I would like to plot 5 lines of best fit summarising 5 groups of paired points (i.e. summarising the lines between the two points)
I have a data set structured like this (readings of yield and rainfall for 500 farms grouped into 5 production systems for 2 years. Each farm occurs twice in the data set 2015 and 2017):
FARM ID (cocoa$XACIB) // YEAR // RAINFALL (cocoa$X15_clim) // YIELD (cocoa$TY_15.1.16_HA) // SYSTEM (cocoa$Production_system)
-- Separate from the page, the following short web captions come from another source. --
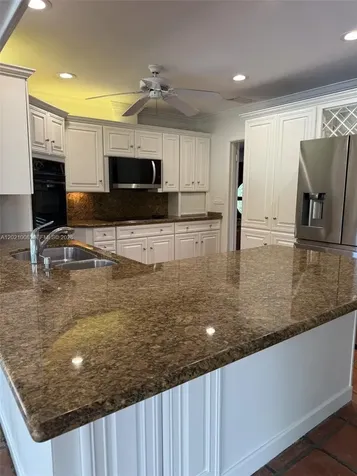 8100 SW 142nd Te Palmetto Bay FL 33158
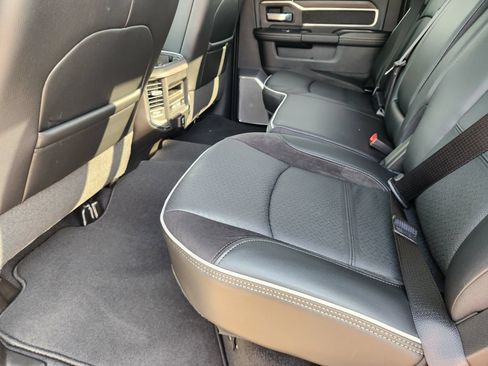 New 2026 RAM 2500 Laramie AWD/4WD image 23
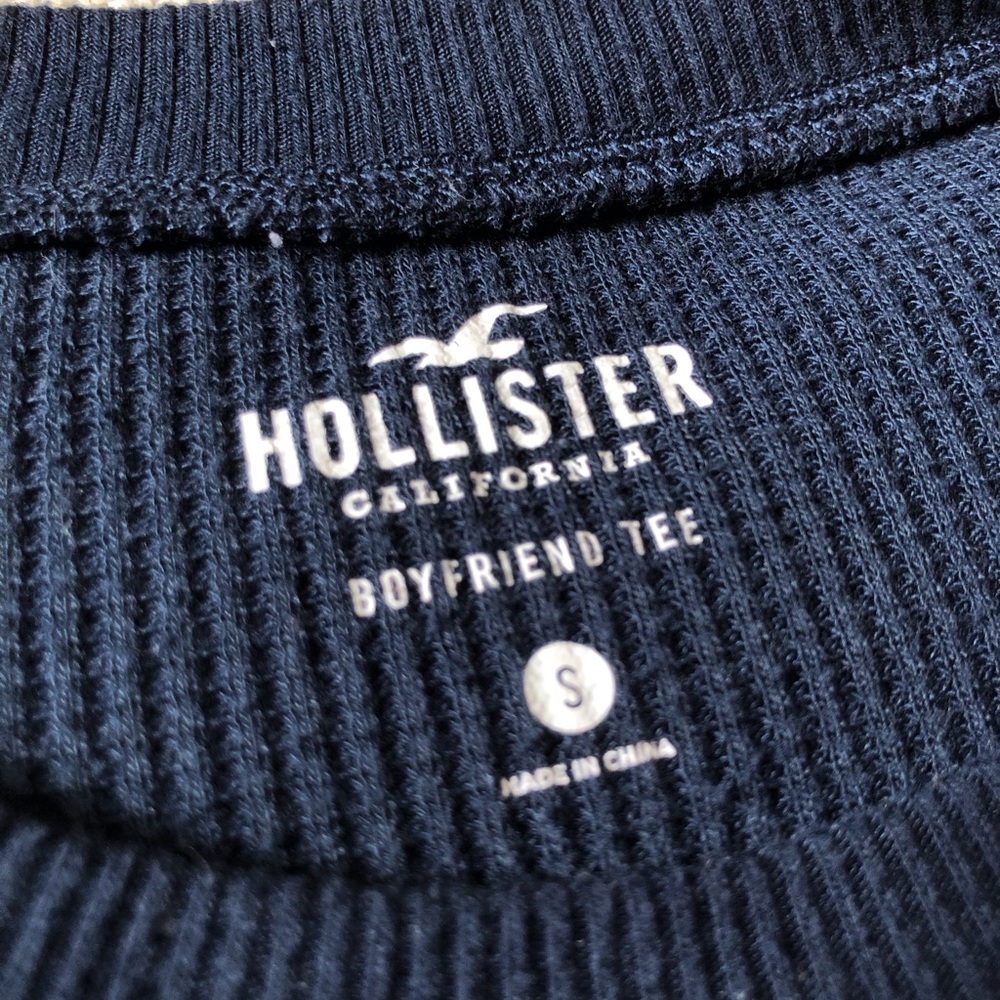 🔆LONG SLEEVE HOLLISTER BOYFRIEND TEE SIZE SMALL🔅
1 // 2015 // 1200 // 500 // A
1 // 2017 // 1400 // 600 // A
2 // 2015 // 900 // 400 // B
Reproducible data set at bottom...
I want to create a scatter plot of RAINFALL (x axis) vs YIELD (y axis) with points grouped by SYSTEM and a line of best fit for each of the 5 SYSTEMS based on the paired change in YIELD for each ID (Farm).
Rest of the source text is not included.